Представлен гибкий информатика рабочий позволяя мультиплексированных на основе образа анализ флуоресцентно меченых клеток. Рабочий процесс количественно ядерных и цитоплазматических маркеров и вычисляет маркер перемещение между этими отсеками. Процедуры предназначены для возмущения клеток с использованием миРНК и надежную методику для обнаружения маркера путем непрямой иммунофлуоресценции в форматах 96-а.

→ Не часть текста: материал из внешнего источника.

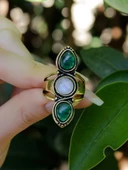 Doğal Taş Aytaşı Yeşil Akik Damla Doğal Taşlı Kadın Ayarlanabilir Yüzük euy50aya thumbnail 3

Достижения в понимании механизмов контроля, регулирующих поведение клеток в прикрепленных млекопитающих моделей культуры ткани становятся более зависимыми от режимов анализа одноклеточного. Методы, которые поставляют композитных данные, отражающие средние значения биомаркеров из клеточных популяций рискуем потерять динамику подгрупп населения, которые отражают неоднородность исследуемой биологической системе. В соответствии с этим, традиционные подходы заменяются или поддерживается, более совершенных форм клеточном анализе разработанных с целью оценки High-контент микроскопии. Эти анализы потенциально генерировать большое количество изображений флуоресцентных биомаркеров, которые позволили сопровождая собственные программные пакеты, позволяет многопараметрических измерений в клетке. Тем не менее, относительно высокие капитальные затраты и сверхспециализации многих из этих устройств не позволили их доступность многих исследователей.
Описанный здесьуниверсально применимой рабочий процесс для количественного определения нескольких люминесцентных интенсивности маркеров из определенных субклеточных регионах отдельных клеток, пригодных для использования с изображениями от большинства люминесцентных микроскопов. Ключом к этому рабочего процесса реализация в свободном доступе сотовый Профили программного обеспечения 1 различить отдельные клетки в этих изображениях сегмент их в определенные внутриклеточные регионов и доставить интенсивность флуоресценции маркера конкретные значения этих регионах. Добыча отдельных значений интенсивности клеточного из данных об изображении главная цель этого процесса и будет показано при анализе данных управления от экрана миРНК для G1 регуляторов контрольно-пропускном пункте в прикрепленных клетках человека. Тем не менее, представленные здесь технологический процесс может быть применен к анализу данных, полученных другими способами клеток возмущения (например, соединение экраны) и другие формы флуоресценции на основе клеточных маркеров и, таким образом, должны быть полезны для широкого круга лабораторий.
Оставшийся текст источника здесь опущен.